[Short web captions]

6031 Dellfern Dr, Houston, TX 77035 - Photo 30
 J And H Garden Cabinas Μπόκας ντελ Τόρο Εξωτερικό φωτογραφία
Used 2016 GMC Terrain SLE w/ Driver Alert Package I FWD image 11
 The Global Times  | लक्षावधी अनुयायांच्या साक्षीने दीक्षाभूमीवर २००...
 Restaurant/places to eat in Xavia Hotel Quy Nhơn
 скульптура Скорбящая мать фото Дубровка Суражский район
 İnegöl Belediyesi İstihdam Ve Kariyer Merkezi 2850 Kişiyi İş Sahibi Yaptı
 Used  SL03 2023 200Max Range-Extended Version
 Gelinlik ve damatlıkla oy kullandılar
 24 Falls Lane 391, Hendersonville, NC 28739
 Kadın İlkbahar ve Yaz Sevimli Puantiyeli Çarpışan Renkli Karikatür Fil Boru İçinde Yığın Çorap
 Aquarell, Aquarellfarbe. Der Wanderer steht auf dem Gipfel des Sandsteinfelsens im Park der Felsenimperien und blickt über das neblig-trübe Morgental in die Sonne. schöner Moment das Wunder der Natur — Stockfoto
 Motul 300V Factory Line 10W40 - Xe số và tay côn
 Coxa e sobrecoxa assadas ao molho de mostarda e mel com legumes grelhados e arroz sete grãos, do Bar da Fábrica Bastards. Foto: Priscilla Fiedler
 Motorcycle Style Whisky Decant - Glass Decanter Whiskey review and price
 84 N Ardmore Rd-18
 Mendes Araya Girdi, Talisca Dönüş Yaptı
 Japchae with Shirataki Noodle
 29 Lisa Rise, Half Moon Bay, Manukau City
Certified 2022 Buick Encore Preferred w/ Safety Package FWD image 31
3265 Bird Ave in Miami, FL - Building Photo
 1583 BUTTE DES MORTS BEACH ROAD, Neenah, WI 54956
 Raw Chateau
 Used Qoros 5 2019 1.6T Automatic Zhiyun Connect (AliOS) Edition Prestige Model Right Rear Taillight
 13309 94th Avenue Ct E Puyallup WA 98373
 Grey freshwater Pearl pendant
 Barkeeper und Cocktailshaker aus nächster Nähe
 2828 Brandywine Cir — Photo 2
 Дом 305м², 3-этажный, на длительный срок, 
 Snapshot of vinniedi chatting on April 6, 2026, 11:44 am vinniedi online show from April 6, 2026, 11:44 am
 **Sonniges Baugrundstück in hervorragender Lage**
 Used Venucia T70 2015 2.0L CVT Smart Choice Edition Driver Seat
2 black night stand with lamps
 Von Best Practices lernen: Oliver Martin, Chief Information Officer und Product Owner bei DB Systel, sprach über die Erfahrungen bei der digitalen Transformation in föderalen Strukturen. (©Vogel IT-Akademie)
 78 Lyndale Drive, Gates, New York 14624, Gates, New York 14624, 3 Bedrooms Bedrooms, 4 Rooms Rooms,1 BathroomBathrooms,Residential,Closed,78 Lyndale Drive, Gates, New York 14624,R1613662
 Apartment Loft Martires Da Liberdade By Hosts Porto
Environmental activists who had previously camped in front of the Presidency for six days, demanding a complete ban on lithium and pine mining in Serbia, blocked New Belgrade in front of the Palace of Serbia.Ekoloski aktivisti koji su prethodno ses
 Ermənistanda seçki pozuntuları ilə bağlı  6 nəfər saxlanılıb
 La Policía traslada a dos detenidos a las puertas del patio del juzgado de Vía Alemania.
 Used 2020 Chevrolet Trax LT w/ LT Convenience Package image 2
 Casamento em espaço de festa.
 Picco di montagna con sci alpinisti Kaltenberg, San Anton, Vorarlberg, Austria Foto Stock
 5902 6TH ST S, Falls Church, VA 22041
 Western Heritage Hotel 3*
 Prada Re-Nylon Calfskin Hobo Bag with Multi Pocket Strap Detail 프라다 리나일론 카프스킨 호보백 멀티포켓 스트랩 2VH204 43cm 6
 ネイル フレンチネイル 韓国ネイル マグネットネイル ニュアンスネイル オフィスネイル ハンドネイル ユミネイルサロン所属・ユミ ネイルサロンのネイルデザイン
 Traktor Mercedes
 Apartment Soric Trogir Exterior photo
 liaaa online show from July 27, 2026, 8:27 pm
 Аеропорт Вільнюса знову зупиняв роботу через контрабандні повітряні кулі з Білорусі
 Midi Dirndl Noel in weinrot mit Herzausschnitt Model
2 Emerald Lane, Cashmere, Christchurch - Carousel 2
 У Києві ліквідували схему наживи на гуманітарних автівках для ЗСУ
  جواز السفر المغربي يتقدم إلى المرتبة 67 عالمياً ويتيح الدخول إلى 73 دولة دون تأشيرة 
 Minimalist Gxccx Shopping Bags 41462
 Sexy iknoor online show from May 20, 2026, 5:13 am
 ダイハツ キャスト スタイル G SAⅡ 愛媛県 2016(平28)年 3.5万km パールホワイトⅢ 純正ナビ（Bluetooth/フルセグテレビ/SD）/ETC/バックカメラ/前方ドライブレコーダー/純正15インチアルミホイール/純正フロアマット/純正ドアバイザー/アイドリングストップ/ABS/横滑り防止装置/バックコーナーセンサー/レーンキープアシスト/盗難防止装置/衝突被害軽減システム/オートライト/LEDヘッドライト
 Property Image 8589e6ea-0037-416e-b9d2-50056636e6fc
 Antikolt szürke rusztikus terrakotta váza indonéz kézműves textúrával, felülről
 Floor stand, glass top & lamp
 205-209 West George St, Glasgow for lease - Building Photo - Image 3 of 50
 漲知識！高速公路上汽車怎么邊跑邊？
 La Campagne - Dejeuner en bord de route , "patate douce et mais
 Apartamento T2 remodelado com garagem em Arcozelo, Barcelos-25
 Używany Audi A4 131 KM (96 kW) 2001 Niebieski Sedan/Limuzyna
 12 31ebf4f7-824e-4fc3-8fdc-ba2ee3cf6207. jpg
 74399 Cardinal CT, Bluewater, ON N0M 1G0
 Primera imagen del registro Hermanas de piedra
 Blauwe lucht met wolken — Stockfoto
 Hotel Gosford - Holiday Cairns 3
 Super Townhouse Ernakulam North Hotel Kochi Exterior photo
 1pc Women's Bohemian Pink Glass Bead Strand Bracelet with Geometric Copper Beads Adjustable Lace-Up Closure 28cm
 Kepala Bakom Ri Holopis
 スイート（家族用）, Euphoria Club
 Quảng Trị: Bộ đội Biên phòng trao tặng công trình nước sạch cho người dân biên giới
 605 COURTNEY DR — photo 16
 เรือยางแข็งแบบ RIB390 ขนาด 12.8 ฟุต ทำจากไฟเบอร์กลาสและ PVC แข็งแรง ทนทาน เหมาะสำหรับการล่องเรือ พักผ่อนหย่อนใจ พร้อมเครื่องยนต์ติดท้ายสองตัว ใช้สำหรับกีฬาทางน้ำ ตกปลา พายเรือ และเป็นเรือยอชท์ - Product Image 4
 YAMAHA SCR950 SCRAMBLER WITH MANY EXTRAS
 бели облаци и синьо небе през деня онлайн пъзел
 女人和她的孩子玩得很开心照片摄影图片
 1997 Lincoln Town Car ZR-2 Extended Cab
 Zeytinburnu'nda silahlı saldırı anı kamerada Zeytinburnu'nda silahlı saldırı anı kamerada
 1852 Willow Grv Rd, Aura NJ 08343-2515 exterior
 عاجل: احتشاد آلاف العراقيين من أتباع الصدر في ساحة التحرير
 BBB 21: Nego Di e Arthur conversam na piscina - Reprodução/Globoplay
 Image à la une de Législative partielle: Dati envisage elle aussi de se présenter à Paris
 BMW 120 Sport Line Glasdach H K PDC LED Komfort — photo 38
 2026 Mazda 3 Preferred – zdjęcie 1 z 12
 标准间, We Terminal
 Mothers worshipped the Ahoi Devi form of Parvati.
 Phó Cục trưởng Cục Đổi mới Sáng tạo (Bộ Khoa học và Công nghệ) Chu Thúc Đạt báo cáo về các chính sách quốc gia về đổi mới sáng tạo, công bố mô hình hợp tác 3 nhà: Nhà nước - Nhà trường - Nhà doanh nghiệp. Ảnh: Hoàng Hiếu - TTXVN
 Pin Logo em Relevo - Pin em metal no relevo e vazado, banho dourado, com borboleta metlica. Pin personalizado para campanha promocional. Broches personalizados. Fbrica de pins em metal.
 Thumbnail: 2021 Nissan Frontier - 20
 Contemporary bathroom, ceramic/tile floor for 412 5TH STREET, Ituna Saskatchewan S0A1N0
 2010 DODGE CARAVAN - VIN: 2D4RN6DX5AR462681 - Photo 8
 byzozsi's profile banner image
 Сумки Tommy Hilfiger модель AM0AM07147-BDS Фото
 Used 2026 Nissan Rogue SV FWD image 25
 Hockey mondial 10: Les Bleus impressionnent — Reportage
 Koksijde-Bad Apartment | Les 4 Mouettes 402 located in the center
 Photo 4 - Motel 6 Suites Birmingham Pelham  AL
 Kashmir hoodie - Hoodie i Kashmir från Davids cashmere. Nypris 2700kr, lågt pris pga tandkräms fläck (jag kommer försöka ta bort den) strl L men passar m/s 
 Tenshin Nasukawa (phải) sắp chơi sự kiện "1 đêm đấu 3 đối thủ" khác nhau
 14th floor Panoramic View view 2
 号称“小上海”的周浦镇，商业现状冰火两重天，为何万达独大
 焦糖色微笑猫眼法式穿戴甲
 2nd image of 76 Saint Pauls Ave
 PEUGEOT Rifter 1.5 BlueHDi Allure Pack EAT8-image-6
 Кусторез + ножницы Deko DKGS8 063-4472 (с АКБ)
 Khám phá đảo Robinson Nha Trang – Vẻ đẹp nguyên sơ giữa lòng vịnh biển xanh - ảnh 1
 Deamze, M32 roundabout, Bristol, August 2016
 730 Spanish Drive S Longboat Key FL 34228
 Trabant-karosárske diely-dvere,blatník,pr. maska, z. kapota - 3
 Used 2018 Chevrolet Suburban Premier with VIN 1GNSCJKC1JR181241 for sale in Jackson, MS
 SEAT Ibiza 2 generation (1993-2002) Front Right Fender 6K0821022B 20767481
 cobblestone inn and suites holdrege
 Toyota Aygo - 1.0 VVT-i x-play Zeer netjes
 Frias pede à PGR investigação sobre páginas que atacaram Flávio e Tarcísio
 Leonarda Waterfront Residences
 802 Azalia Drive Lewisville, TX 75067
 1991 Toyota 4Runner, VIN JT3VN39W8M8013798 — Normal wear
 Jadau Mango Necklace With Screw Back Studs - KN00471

#### Exercise instructions:
Restate, word for word and with nothing added, the lines from the beginning of the records above through the line that contains "Motul 300V Factory".

#### Solution to this exercise:
6031 Dellfern Dr, Houston, TX 77035 - Photo 30
 J And H Garden Cabinas Μπόκας ντελ Τόρο Εξωτερικό φωτογραφία
Used 2016 GMC Terrain SLE w/ Driver Alert Package I FWD image 11
 The Global Times  | लक्षावधी अनुयायांच्या साक्षीने दीक्षाभूमीवर २००...
 Restaurant/places to eat in Xavia Hotel Quy Nhơn
 скульптура Скорбящая мать фото Дубровка Суражский район
 İnegöl Belediyesi İstihdam Ve Kariyer Merkezi 2850 Kişiyi İş Sahibi Yaptı
 Used  SL03 2023 200Max Range-Extended Version
 Gelinlik ve damatlıkla oy kullandılar
 24 Falls Lane 391, Hendersonville, NC 28739
 Kadın İlkbahar ve Yaz Sevimli Puantiyeli Çarpışan Renkli Karikatür Fil Boru İçinde Yığın Çorap
 Aquarell, Aquarellfarbe. Der Wanderer steht auf dem Gipfel des Sandsteinfelsens im Park der Felsenimperien und blickt über das neblig-trübe Morgental in die Sonne. schöner Moment das Wunder der Natur — Stockfoto
 Motul 300V Factory Line 10W40 - Xe số và tay côn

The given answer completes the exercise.